Autre bonne nouvelle, le taux de chômage urbain a baissé de 0,1 point de pourcentage en octobre, à 5%. Même le marché immobilier s’est légèrement amélioré, même si les ventes de terrains et les investissements immobiliers sont restés faibles. Si ces tendances positives se poursuivent, la croissance du PIB devrait probablement augmenter. revenir aux alentours de 5% au quatrième trimestre 2024.
Les perspectives pour 2025 sont toutefois moins claires. Si la Chine veut atteindre une croissance du PIB de 5 % l’année prochaine – en supposant que ce soit l’objectif du gouvernement – les dirigeants politiques devront surmonter trois défis majeurs, à commencer par la stabilisation du secteur immobilier, qui contribue à hauteur de 20% à la croissance du PIB et représente 70 % de la richesse des ménages .
Le deuxième défi concerne les bilans des collectivités locales. Le manque de fonds les a récemment poussées à réduire leurs dépenses, notamment en diminuant les salaires des fonctionnaires, et à chercher à obtenir des recettes, notamment en réclamant des impôts sur les sociétés, voire en retenant les entrepreneurs privés d’autres régions. Rien de tout cela n’est bon pour la croissance.
Le problème fondamental est que les responsabilités en matière de dépenses excèdent désormais les recettes fiscales, qui ne sont plus alimentées par les ventes de terrains et les véhicules d’investissement des collectivités locales. Le gouvernement central doit transférer d’urgence une part importante des recettes à usage général aux collectivités locales. Plus fondamentalement, la Chine il faut reconfigurer l’équilibre des responsabilités budgétaires entre les différents niveaux de gouvernement.
Le troisième défi majeur auquel la Chine devra faire face en 2025 est le président élu des États-Unis, Donald Trump, qui a promis d’imposer des droits de douane de 60% sur toutes les importations en provenance de Chine au cours de sa première année au pouvoir. Étant donné que les exportations chinoises vers les États-Unis représentent 3% du PIB, Si le PIB de la Chine est en baisse , de tels tarifs – et même des tarifs beaucoup plus bas – auraient un impact important sur sa croissance en 2025. La banque d’investissement UBS, par exemple, a prédit que la croissance du PIB de la Chine ralentirait à 4% en 2025.

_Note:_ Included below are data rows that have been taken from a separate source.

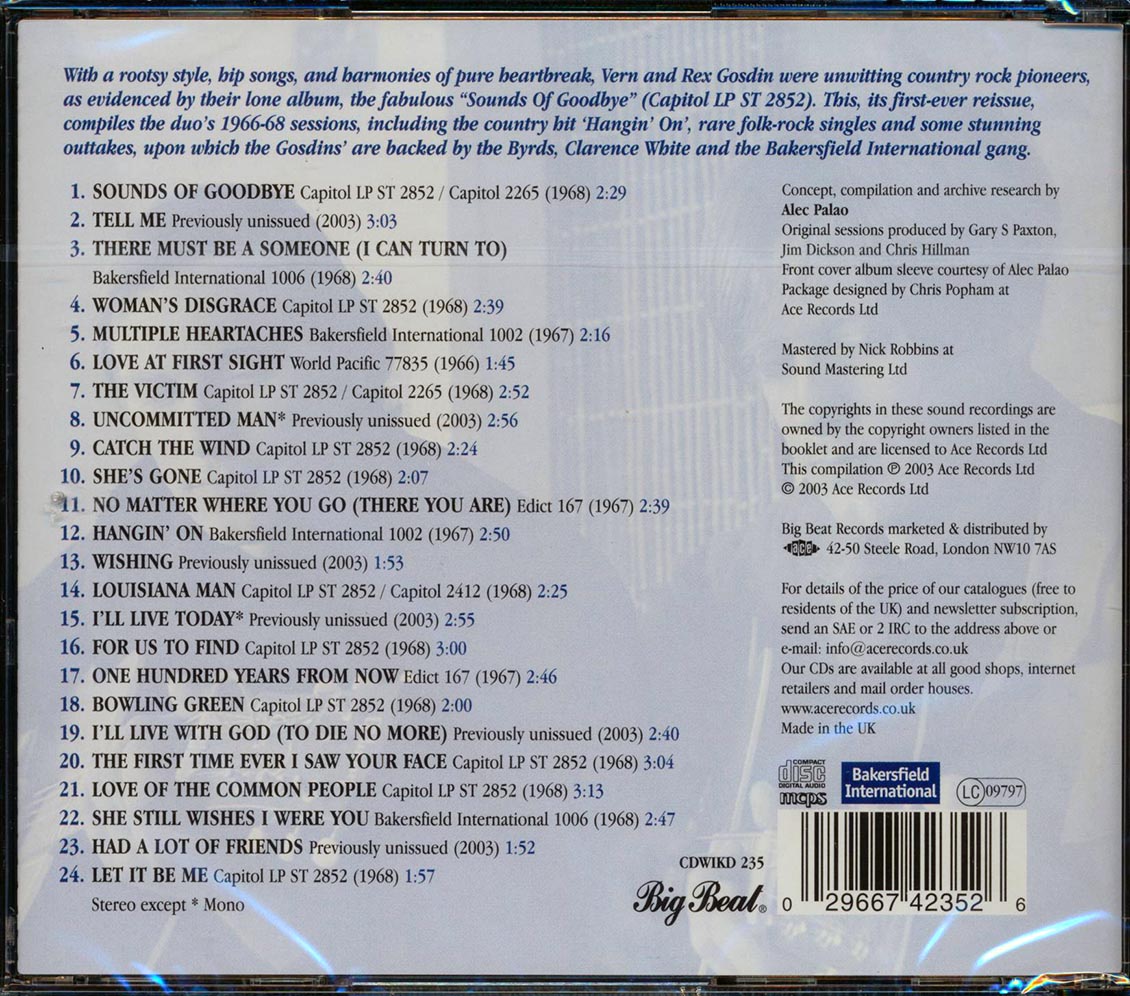 The Gosdin Brothers - Sounds Of Goodbye (24 tracks) Music CD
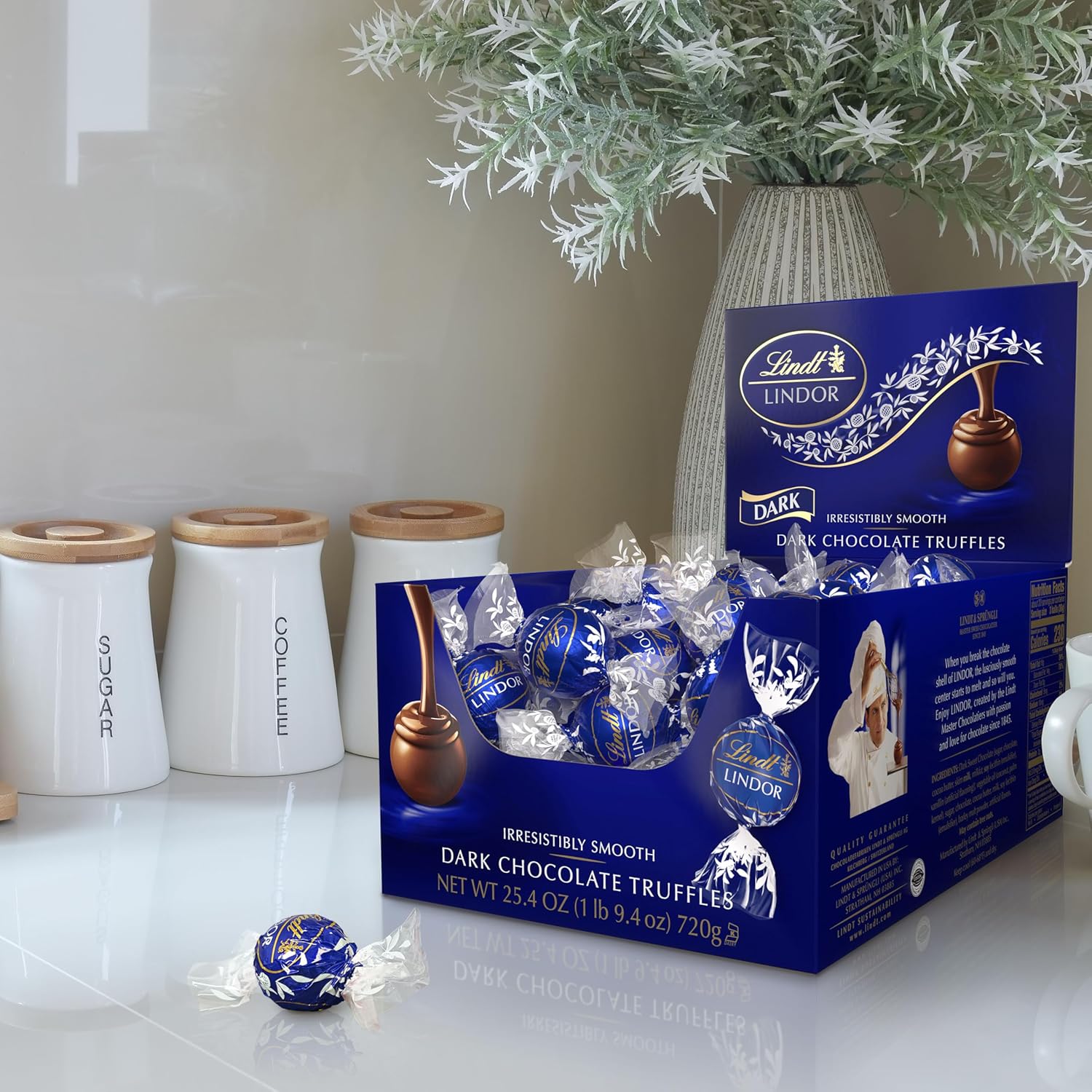 Alternative view of Lindt LINDOR Dark Chocolate Candy Truffles, Dark Chocolate with Smooth, Melting Truffle Center, 25.4 oz., 60 Count Box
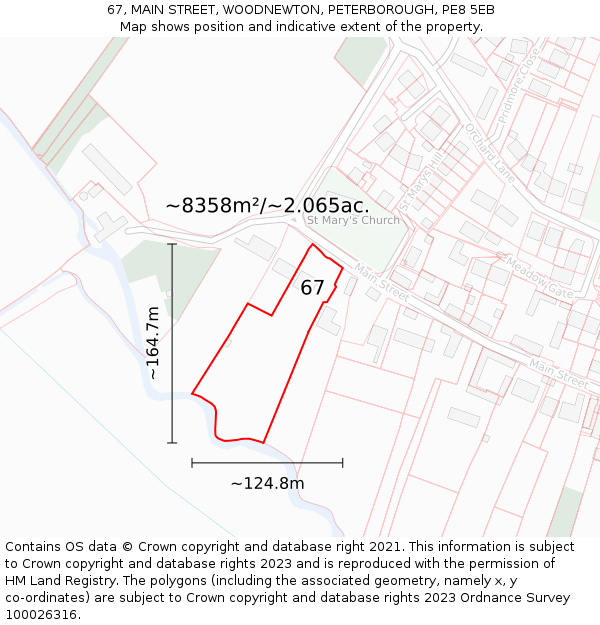 67, MAIN STREET, WOODNEWTON, PETERBOROUGH, PE8 5EB: Plot and title map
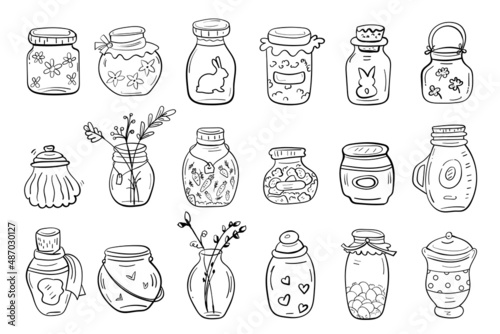 Bundle with Easter jar  Cozy house. Homemade blanks  dector elements. Holiday collection illustration for coloring book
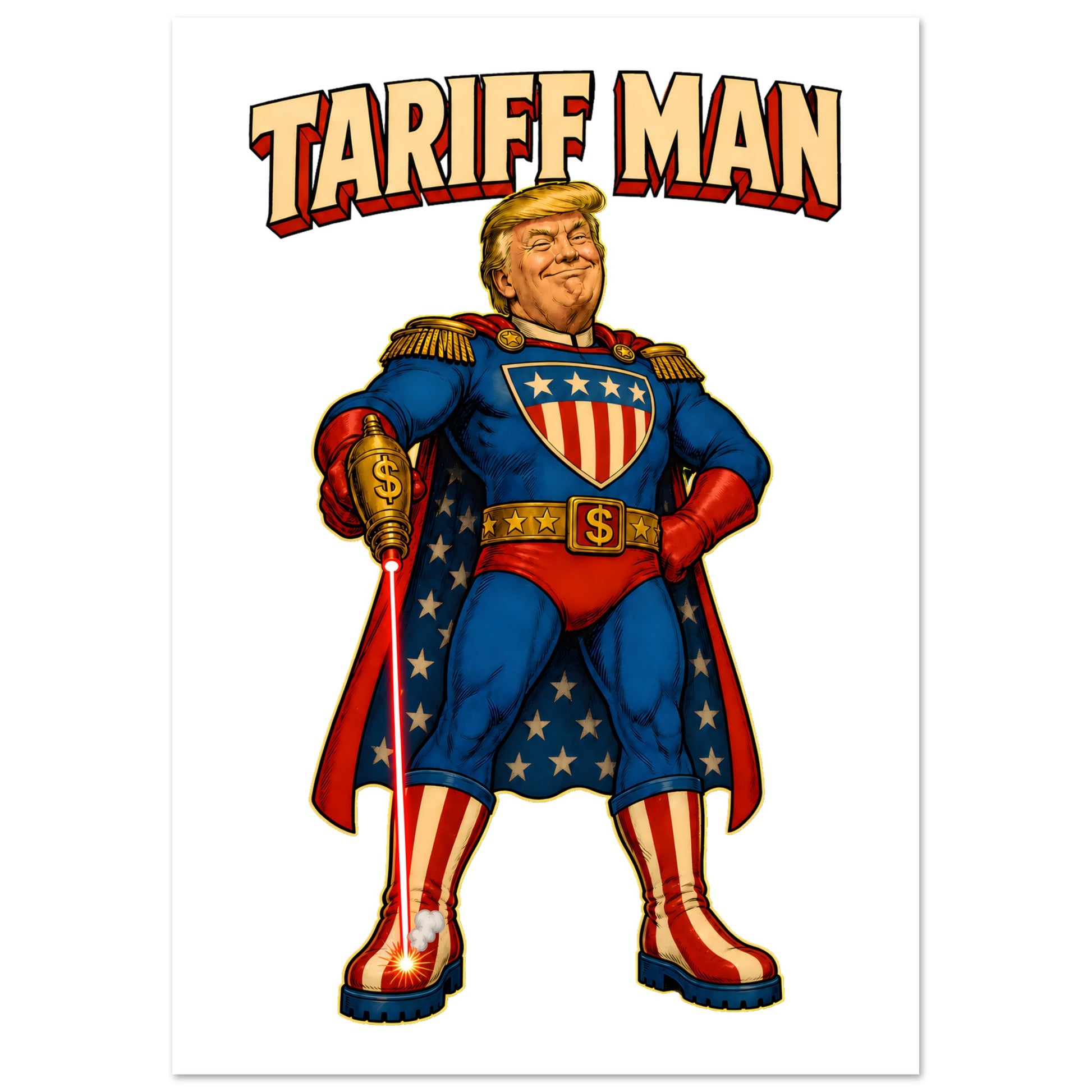 Tariff Man – Self-Shot Satire Poster — product view 1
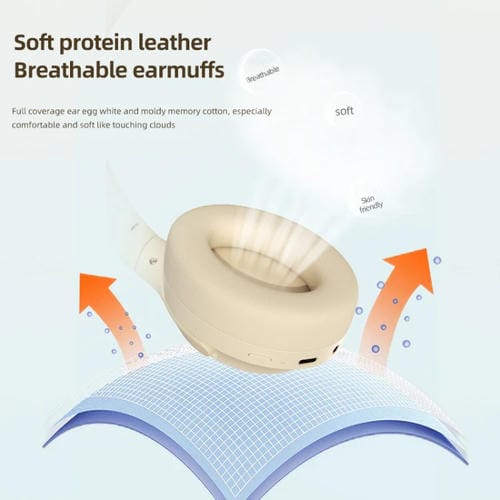 Auriculares Bluetooth NC10 ANC Montados en la Cabeza con Reducción Activa de Ruido (Beige)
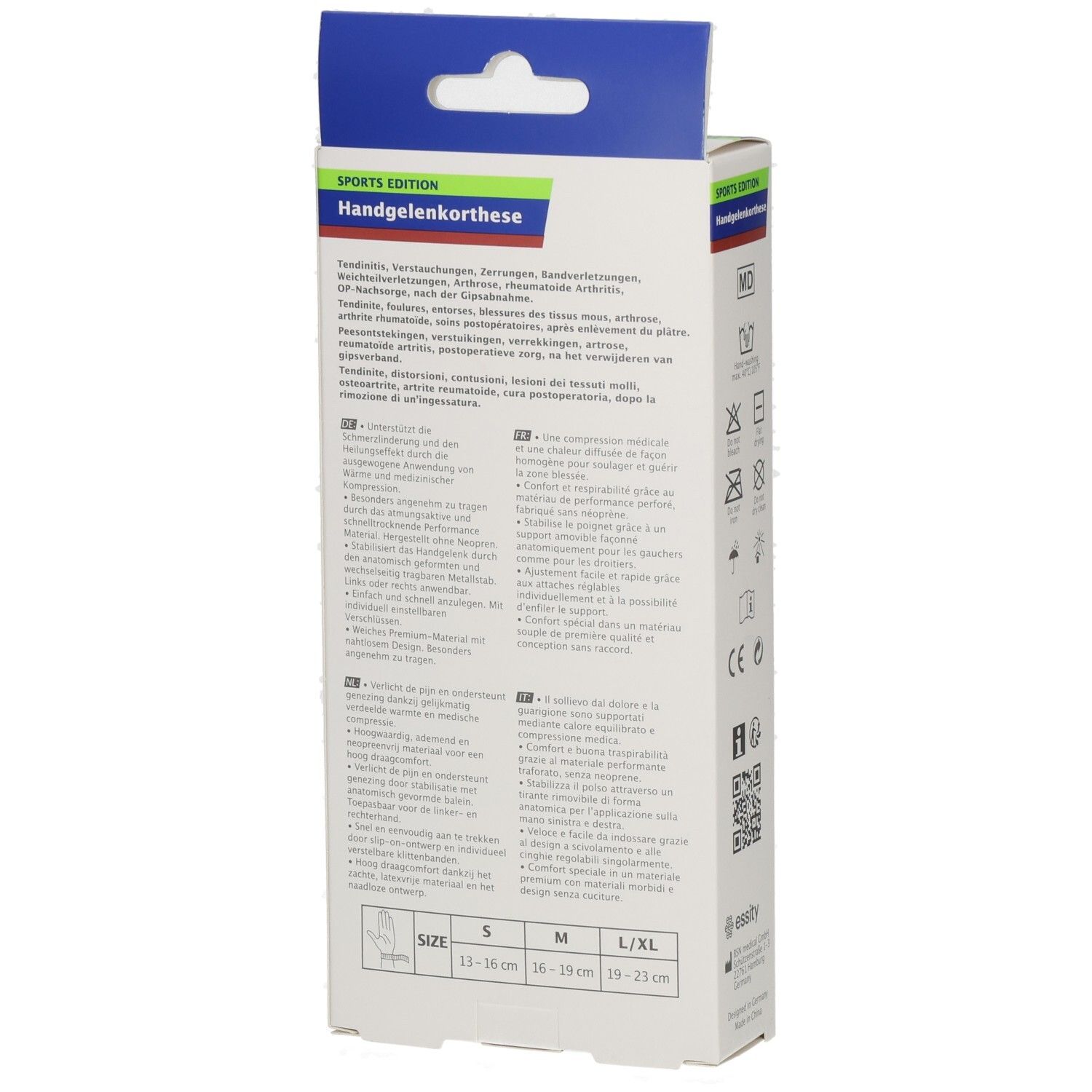 Rückseite der Actimove Handgelenk-Orthese Verpackung mit Größenangaben S, M, L/XL.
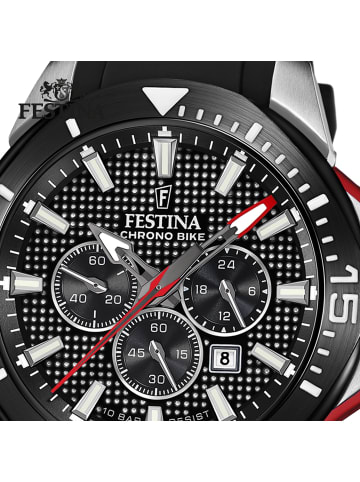 Festina Analog-Armbanduhr Festina Chrono Bike schwarz extra groß (ca. 47mm)
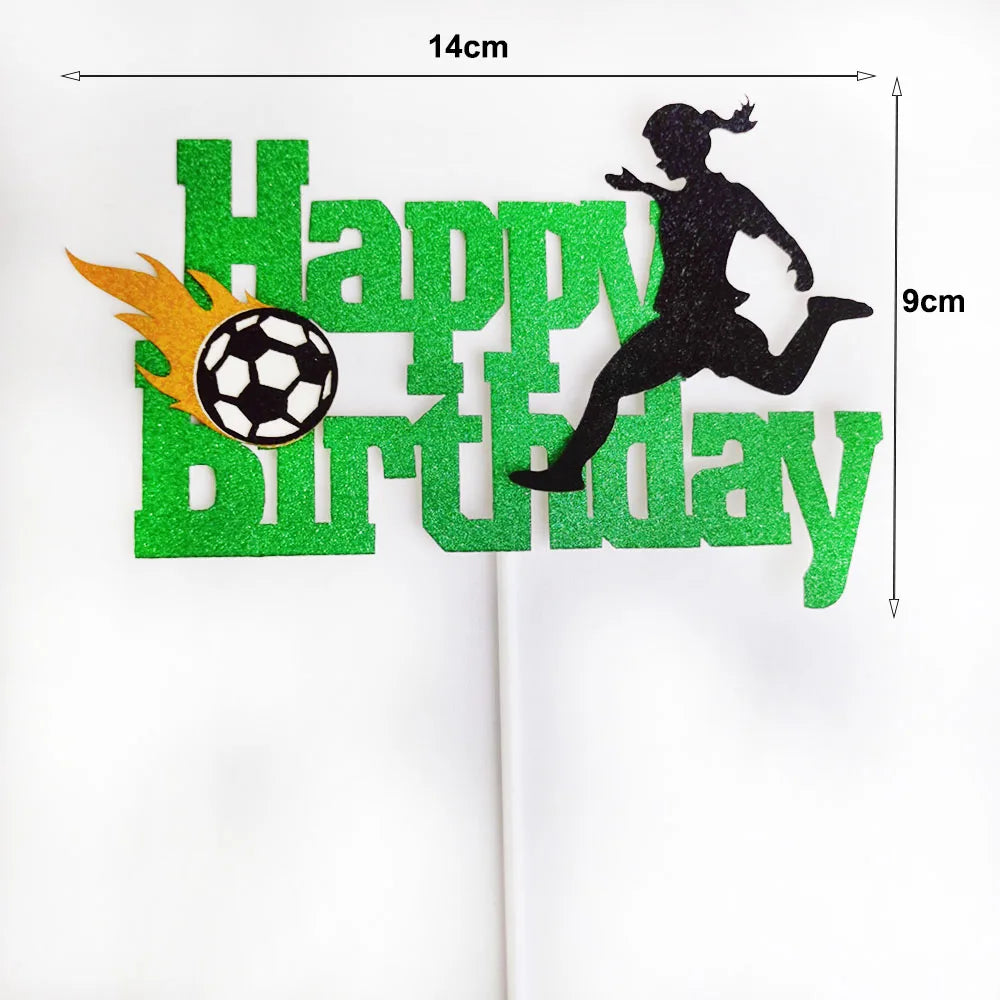 Grüne Glitzer-Geburtstagsschild mit Fußball und Silhouette einer laufenden Person
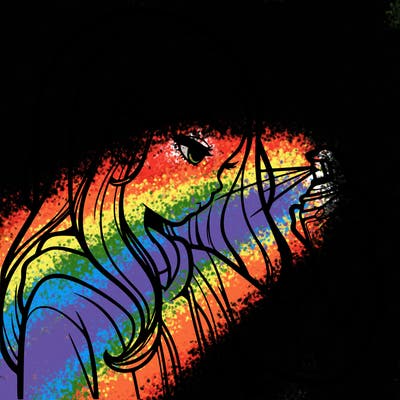 a realistic girl spray painting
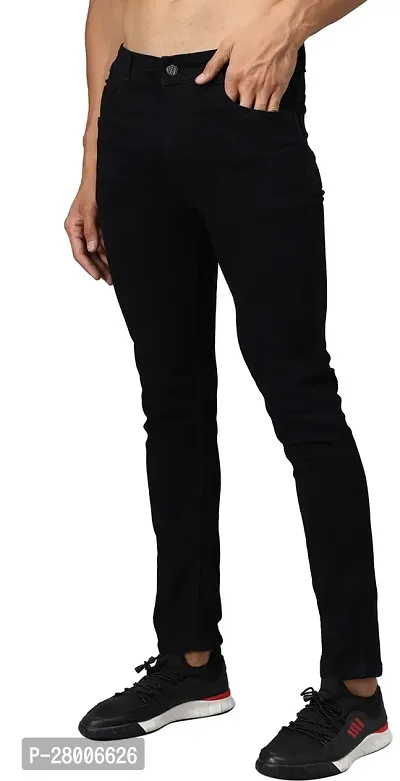 Stylish Black Cotton Lycra Blend Solid Mid-Rise Jeans For Men-thumb0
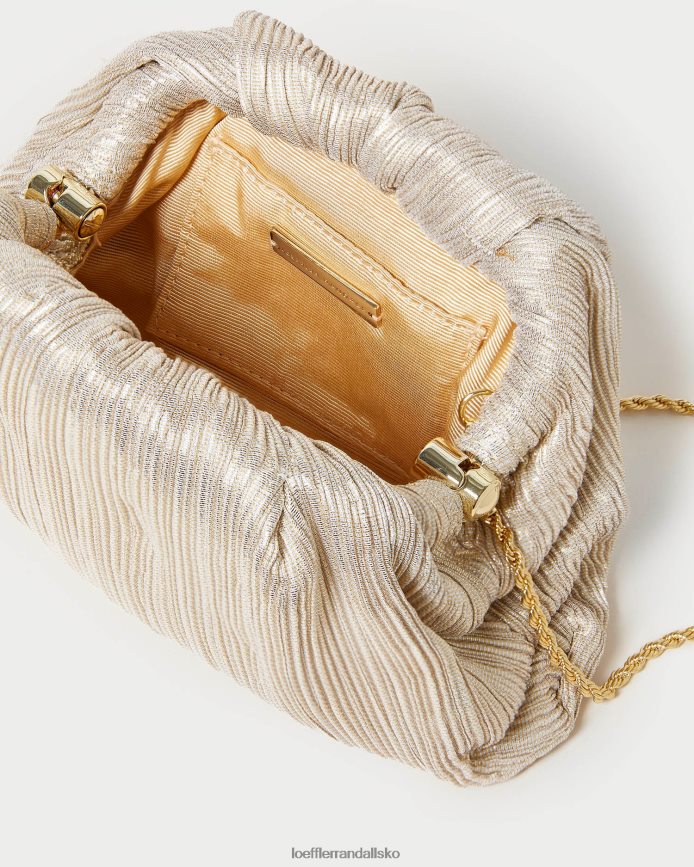 Kvinder Loeffler Randall bailey plisseret kuppel clutch platin poser P64XZ4357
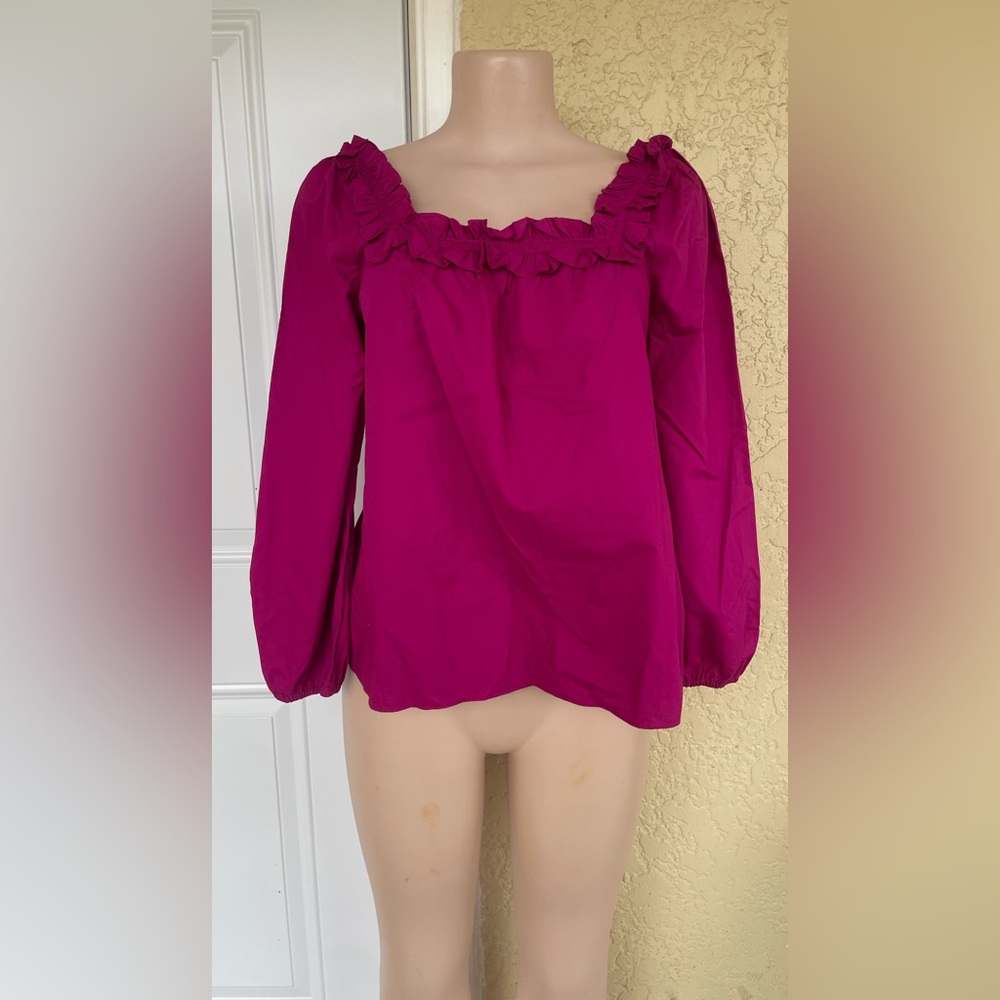 J. Crew Fuchsia Ruffle Blouse - Picture 2 of 10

La Chine a beaucoup débattu de la question de savoir si l’économie avait besoin de réformes structurelles ou de nouvelles mesures de relance macroéconomique. En réalité, elle a besoin des deux. Un plan de relance décisif, avec une composante budgétaire robuste, doit être mis en place en premier lieu. C’est ce qui fera la plus grande différence immédiate. Mais une fois le plan mis en place, le gouvernement devrait se concentrer sur les réformes structurelles, en mettant l’accent sur le renforcement de la confiance des consommateurs, des investisseurs et des entrepreneurs.
Au cours de l’année écoulée, le gouvernement chinois a publié plusieurs documents politiques visant à rétablir la confiance. Mais les acteurs du marché n’étant pas entièrement convaincus, il doit aller plus loin et mettre en œuvre – de manière audacieuse et visible – certaines des mesures qu’il a annoncées, comme le renforcement des protections pour les investisseurs privés. Limiter le contrôle exercé par les autorités locales sur les anciens dossiers fiscaux à la recherche de paiements manquants contribuerait également grandement à renforcer la confiance des entreprises.
Huang Yiping, doyen de l’École nationale de développement et professeur à l’Université de Pékin, est membre du Comité de politique monétaire de la Banque populaire de Chine.